It seems appropriate at the beginning of this new year to talk about the new healthcare legislation.
One judge has found a crucial piece of the statute – the requirement that individuals buy health care – unconstitutional. It will surely go to the United States Supreme Court which may be very receptive to the attack. The Rehnquist and Roberts Courts have used federalism to narrow national power wherever it conflicted with the justices’ ideologies. The Court even found federal civil rights acts regulated states unconstitutionally, though the Fourteenth Amendment was primarily aimed at state misbehavior. Federalism proved to be a convenient way for the justices to overrule things they don’t like.
The court earlier fought national power during the Roosevelt Administration, overturning several pieces of New Deal legislation on the ground that they exceeded the powers of Congress. But the Roosevelt Administration was looking for a way to pass legislation on unemployment and old age insurance.

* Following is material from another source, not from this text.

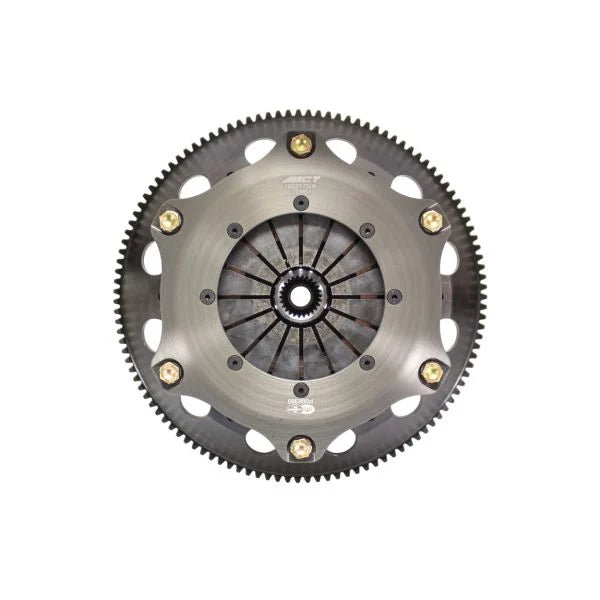 ACT Toyota 2JZ Level 3 Triple Disc Rebuild Kit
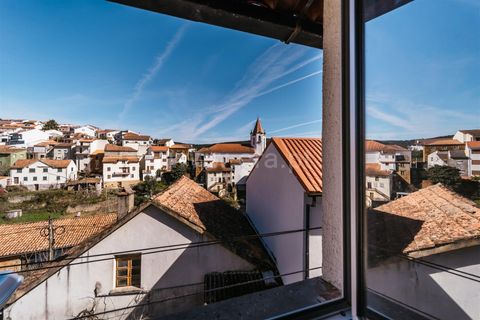 Landsbyhus i Covilha, Castelo Branco, Covilha - € 25.000 | Ref: 111250042 - foto 12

Secretary of Labor Francis Perkins visited the wife of then Justice Harlan Fiske Stone. When he walked in and asked how Perkins was, she told him her problem. Stone responded by pointing to “the taxing power.” Perkins then told the Administration that legislation “should be justified as an exercise of congressional power under the taxing and spending clause” which says “The Congress shall have the power … To lay and collect taxes … to pay the debts and provide for the common defence and general welfare of the United States.”

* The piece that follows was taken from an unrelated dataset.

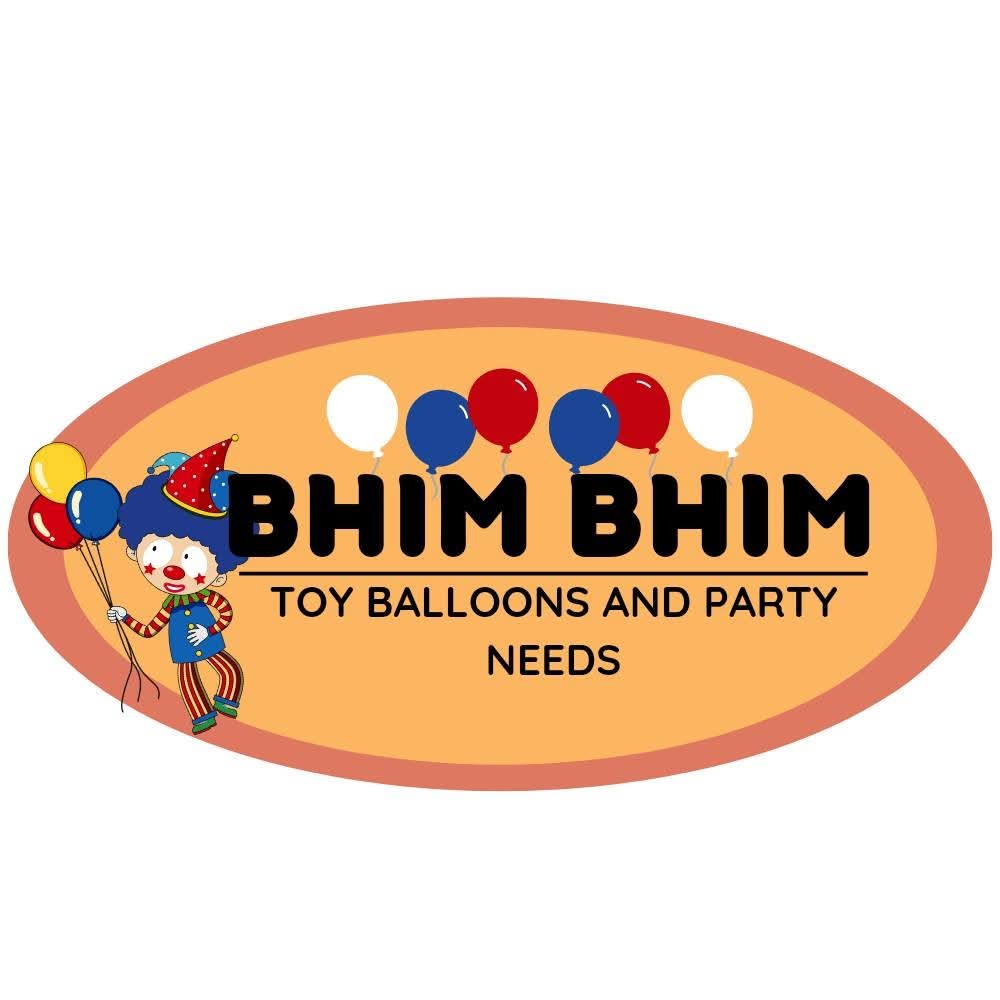 KIDDIE PARTY STARTER PACK 1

And so since the 1930s many major pieces of national legislation were based on the taxing and spending power. Social Security was written as spending clause legislation, tied to wages. Aid to the needy, emergency relief, unemployment compensation and many other pieces of legislation have been written in the form of national financial support for contracts with the states to accomplish specified statutory purposes in mutually acceptable ways.
So could the healthcare legislation have been designed in a way which allowed the states options about how to accomplish the generic national objective of expanding health care for all? The actual design of healthcare legislation follows the outline of a plan adopted in Massachusetts. But other states have addressed the issues in different ways. Allowing a degree of federal diversity might not have resulted in as good a medical plan, or it might have resulted in some very positive experimentation. Either way, it might have a better chance of surviving review in the United States Supreme Court. Or the federal government could have provided a tax credit for purchase of compliant health plans – virtually indistinguishable from the actual legislation but for the language used.

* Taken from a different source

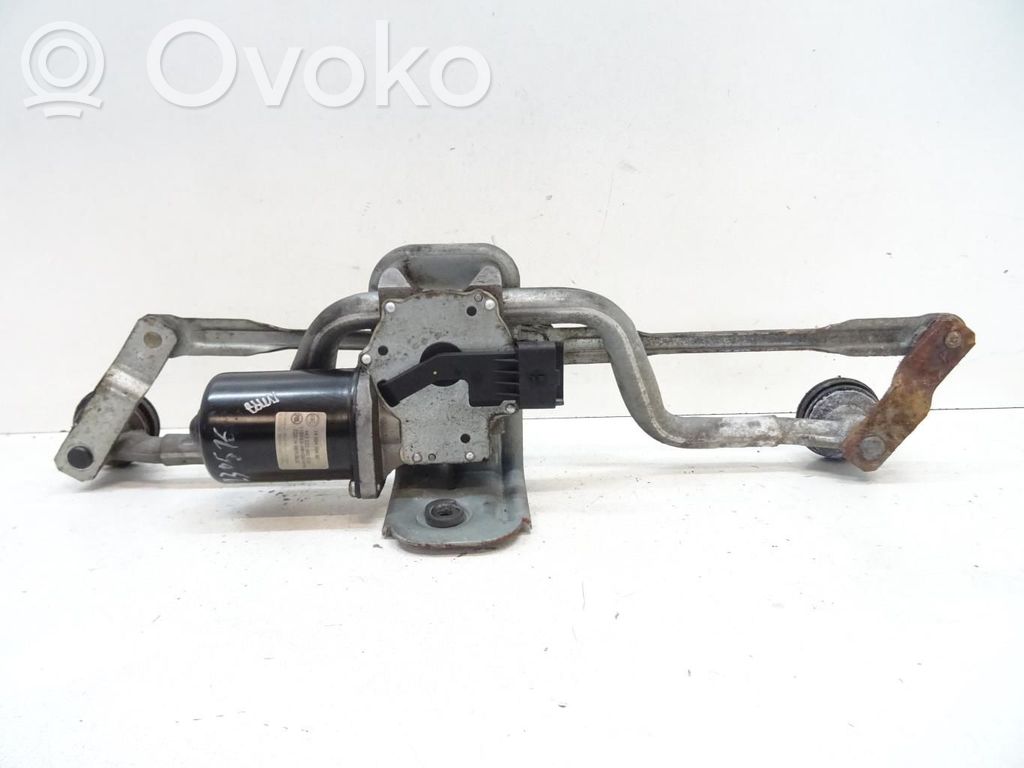 Pyyhkimen moottori   6405GE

If the Supreme Court overturns the legislation it will be too late for the Democrats to try to change it. If the Supreme Court sustains the legislation, the Republicans may be unable to change it. So there may be grounds for some sort of deal between the parties that would substitute a system of state options or tax credits and therefore have a better chance of succeeding when this program goes in front of Roberts Court judges all too ready to substitute their personal views for constitutional law.
So, with hope, here’s wishing you all a very happy New Year.
— This commentary was broadcast on WAMC Northeast Report, January 4, 2011.